Throughout my attempts to access support for my mental health I’ve been described by a GP as “emotionally weak”, been told that cutting is a perfectly normal outlet but just to keep knives clean whilst in A&E, waited over a year to see a psychiatrist who (from seeing the notes taken afterwards) didn’t actually seem to listen to what I’d talked about (getting key details wrong) and seen plenty of people who, without further investigation, were quick to either diagnose or refer me to a long waiting list with no support in the interim. In part this is because toxic mentalities regarding mental health are still prevalent, however much people dismiss needing to continue to change the dialogue surrounding the issue. It’s also partly down to the fact that the NHS is severely underfunded and, unless you have the financial means to go private, support can be inaccessible even when you need it most. This isn’t to say that the NHS isn’t full of wonderful and empathetic people who genuinely want to/are capable of helping – I know those people exist and work ridiculously hard to improve things. But without the resources or the capacity to advocate for yourself, they can be incredibly hard to find. 

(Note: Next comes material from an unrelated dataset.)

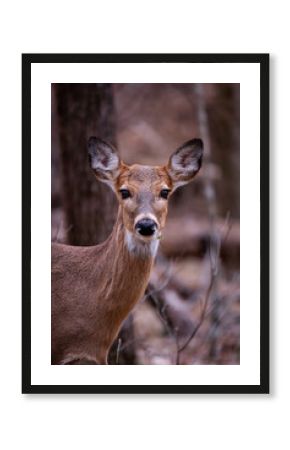 Whitetail deer headshot holding plant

The result is people dying. And people being robbed of opportunities and happiness and quality of life. People are left feeling invalidated, unwanted and unsupported. I tried to do everything right to look after my mental health – I tried exercise, eating healthy, mindfulness. It wasn’t enough and until I received support from 42nd street I believed I was likely going to be incapable of living the kind of life that I wanted to live. At some points in my life suicide just felt like an inevitability. And it’s uncomfortable to talk about and it makes people feel awkward and nobody knows what to say. But I don’t think that’s a good enough reason to not talk about these things, not to get angry about them and not start pursuing change. Because it wasn’t my determination to get better alone that saved my life. It was support that took years and years to access, but that was life changing when I did.

Things are changing when it comes to mental health support – the University of Manchester are now running a pilot scheme alongside the NHS, they provide access to Big White Wall and wellbeing is talked about more and more. I’ve had positive experiences with the University Counselling Service (though they’re not there to/capable of supporting more complex mental health needs). But until there’s more money put into the NHS, allowing for people to receive adequate time and support when they need it, people will continue to suffer. There are lots of ways that you can help to improve things – consider how you vote in elections, donate to charities that pursue research/support people experiencing mental health problems (like 42nd street) and try to be as supportive as possible if someone you know is struggling. It can be difficult to know what to say and daunting to figure out how to get things right, but validating people’s emotions, offering to be there for them and asking what you can do to help is (in my opinion) invaluable. You can even find downloadable PDF files on the Mind website for different mental health conditions, explaining symptoms and causes and ways in which you can help to support someone. All of these things are so important to do, because sentiments like “it’s okay not to be okay” are useless without the support structures that people deserve.